As I’ve described elsewhere, commercial microfilm products largely comprise content from libraries or print publishers (such as newspapers or periodicals). Just a day ago, I had a phone call with an institutional contact about a proposed microfilm venture. In the course of our conversation, I reviewed several key issues affecting products of this nature. A summary of some of these should illuminate the available options and trade-offs for institutions and publishers about to engage with one another in a microfilm publishing arrangement.

ROFOs and ROFRs


Prior to the mid-1980s, and sometimes even later, micropublishers rarely included digital rights in their microfilm contracts. In the last decade, they no longer overlook this opportunity, especially those with the financial wherewithal to go digital or hopeful of eventually getting there. As a consequence, commercial microfilm publishing contracts commonly include provisions concerning the possibility of a digital edition. The simplest approach to addressing a digital version of a microfilm product is to include a “digital option.” Options come in various forms and follow standard legal practice. My contracts often included a right of first offer (ROFO), which grants the publisher the right to bid first in good faith on a digital project in the event that the content owner opts or a third party offers to digitize the content, whether for free or for fee. A variant is the right of first refusal (ROFR). This tends to be more restrictive because in this arrangement the content owner must give the publisher the right to match or meet any possible offer, especially from a third party.
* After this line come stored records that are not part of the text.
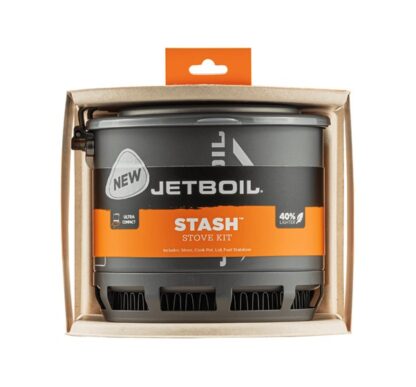 Thumbnail of the "KIT RECHAUD + CASSEROLE STASH STOVE KIT- Jetboil" product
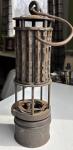 Vintage Wolf Coal Mining Safety Lamp from Scranton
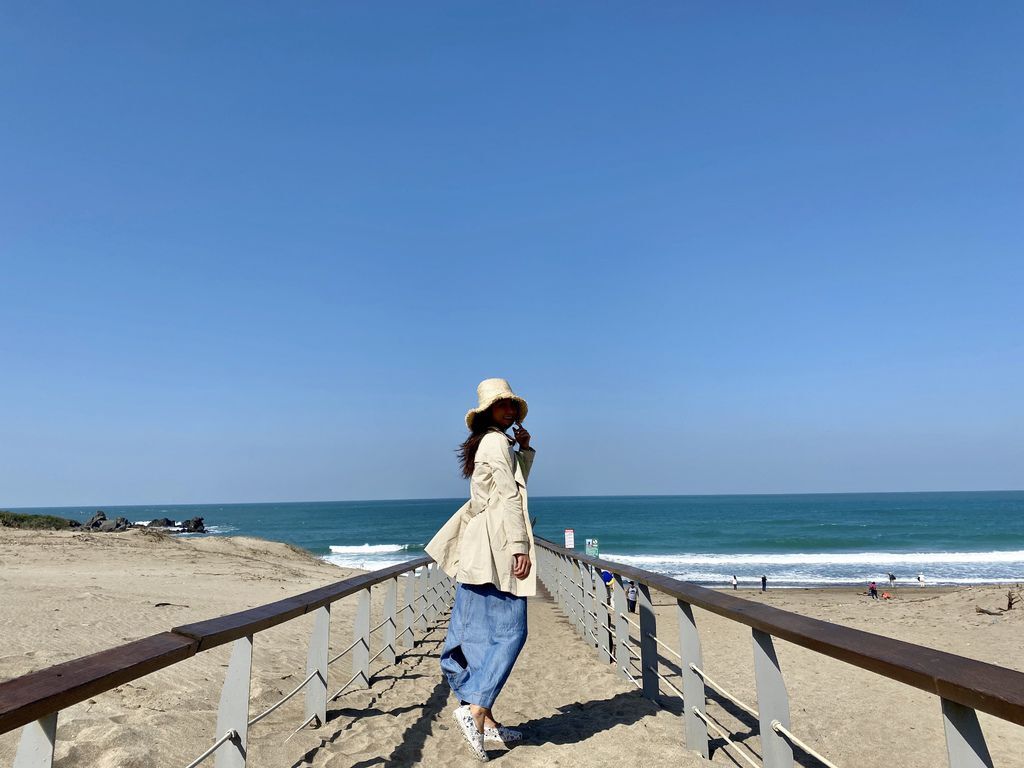 富貴角公園的老梅綠石槽,天然的綠色地毯!石門一日遊的好去處 富貴角公園的老梅綠石槽,天然的綠色地毯!石門一日遊的好去處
In the current climate, library sources find ROFOs more acceptable because they want the latitude to publish their content for free and not be subject to the restrictions (and obligations) implied in an ROFR.

Cannibalization

In my own experience, library sources have rarely posted serious objections to granting a digital option. After all, the provision is just an option and not a binding agreement. More important to content owners, especially libraries, are restrictions on the digitization of the data. For the publisher, these restrictions have a simple purpose: to prevent the “cannibalization” of the microfilm product by the availability of a digital version. (Cannibalization is the common term for lost sales by dissemination of an alternate edition or version of the same content.) However, many libraries—especially research libraries, which are often the main sources for scholarly microfilm sets—have public and scholarly missions that emphasize expanded access to knowledge and, therefore, their holdings. (I am perhaps too bold here, but this argument, which I have heard frequently seems disingenuous in the extreme. Many of the institutions claiming this free knowledge mandate are private and do not grant on-site free access to their holdings to unaffiliated individuals, so why the rush to give it all away free to the teeming masses?)

The expanded access mission of these institutions generally translates into “open access” (read “free”) digital versions of their collections. Where once upon a time funding agencies favored microfilm preservation, providing grant money for either equipping micrographics departments within libraries or paying vendors under the direction of the grantee, today those same funds have been aggressively financing the provision of digital equipment and services. So here we have a fundamental conflict of interests. The microfilm publisher would, of course, see any open source digital version of the content from the prospective product as anathema. On the other hand, libraries see opportunities to upload digital versions of their holdings —much simplified by provision of a microfilm version of their content from which to work—as critical to their mission to augment access and, equally important, raise the visibility of the collection and its host library.

Embargoes & Exemptions

The result for most microfilm contracts is the arrangement of a limited “embargo” on the digitization of content from the microfilm, especially by the source institution and for free. Few institutions, however, will tolerate a complete embargo. As a consequence, it is not uncommon to include an exemption of up to ten percent of the content for any form of dissemination by the source institution. (Indeed, for publishers, this allowance may favor the collection’s distribution in microfilm by serving up a digital teaser for the more complete collection.) Outside of that exemption, embargoes vary. With the Library of Congress, I negotiated a 36-month embargo on digital conversion and dissemination from the date of publication of the microfilm edition of the content. Columbia University’s Rare Book and Manuscript Library, on the other hand, opted for a yearly addition of ten percent to the first-year exemption, so that by year ten, the entire collection would be available for digitization and dissemination without restriction. Note that embargoes are especially important to the publisher if it decides—as some do today—to create the microfilm collection from a digital imaging process. (Yes, as backwards as this seems, there are a number of good reasons for creating microfilm collections in just this manner.) Since digital images, along with gratis copies of the microfilm, will be supplied to the source institution, the embargo is critical to the publisher. On the other hand, the gratis provision of a complete set of digital images represents a strong temptation to the library.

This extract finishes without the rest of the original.